Pour un droit des plateformes, distinguons les !

Depuis 2013, Droit du Partage décrypte l’économie des plateformes d’un point de vue juridique et ébauche les contours d’un régime juridique dédié à ces acteurs (voir un précédent article contenant un premier effort de définition). Le développement constant de ces intermédiaires est allé de pair avec une grande diversité dans les modèles d’affaires déployés dans le numérique. A titre d’exemple, les business models des plateformes sont très différents (LeBonCoin, Blablacar et Uber sont aisément différentiables) puisque (i) chacune s’implique à un degré différent dans les transactions qui font l’objet de la plateforme et que (ii) chacune se rémunère différemment.
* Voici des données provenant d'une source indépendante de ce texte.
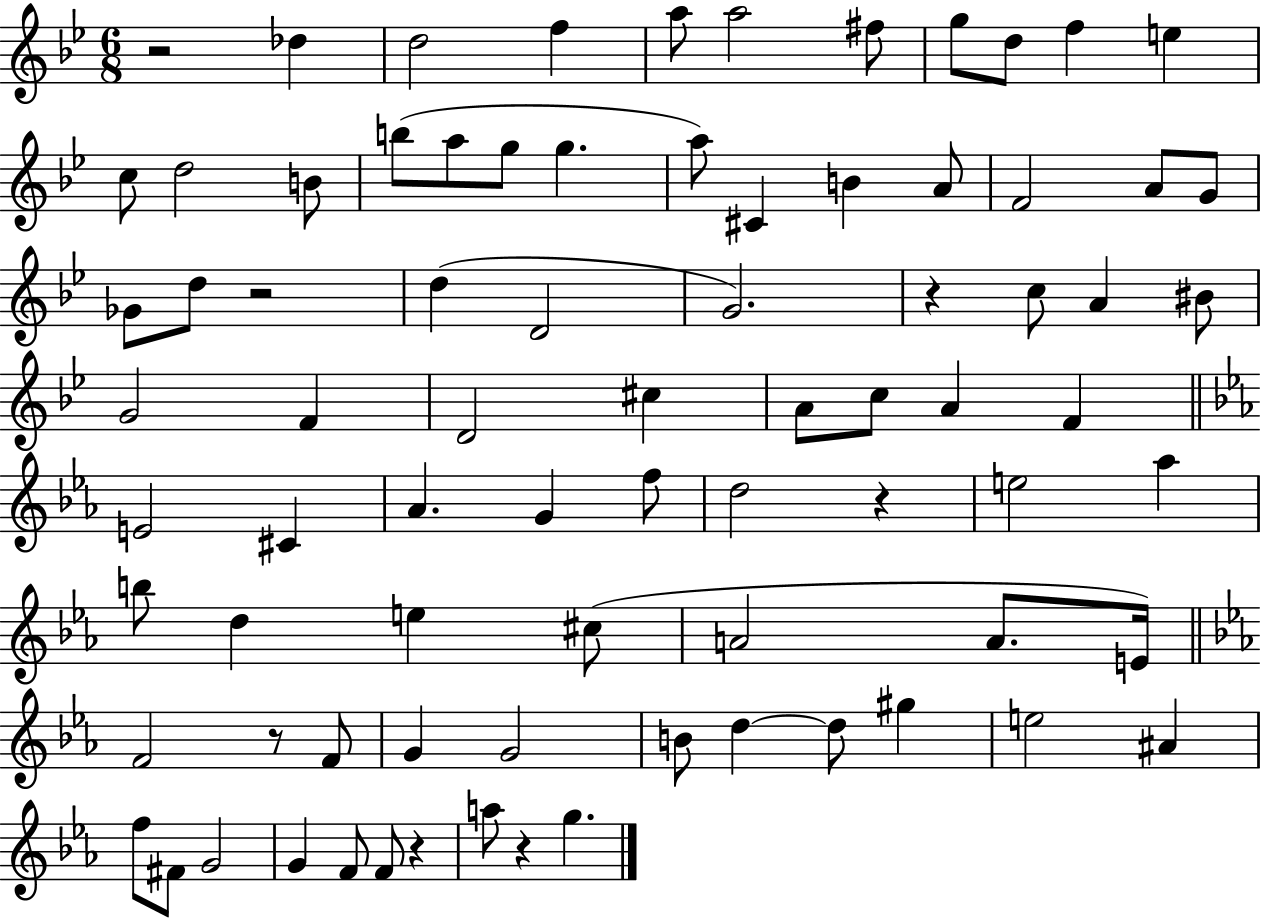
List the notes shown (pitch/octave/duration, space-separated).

Pourtant, ces entreprises peuvent être appréhendées comme des « plateformes ».

En droit français, le terme de « plateforme » est aujourd’hui utilisé dans le Code général des impôts, le Code de la consommation et le Code du travail, bien que les termes de la définition varient légèrement.

Dès lors, faut-il appliquer des règles identiques à toutes ces plateformes ? Comment faire pour que le cadre juridique soit adapté à chaque acteur ?

Nous avons la conviction qu’un droit des plateformes est en train de naître (voir notre article), ce qui implique de construire des catégories qui déclencheraient l’application d’un régime juridique propre.

Quels critères de distinction ?

L’outil principal de distinction entre les plateformes pourrait résider dans la fixation des prix et le contrôle de tout ou partie de la prestation : là où certaines plateformes fournissent seulement des services technologiques à leurs utilisateurs offreurs et leurs utilisateurs demandeurs sans exercer de pouvoir de fixation des prix des biens et services, d’autres gardent le contrôle du prix de la prestation.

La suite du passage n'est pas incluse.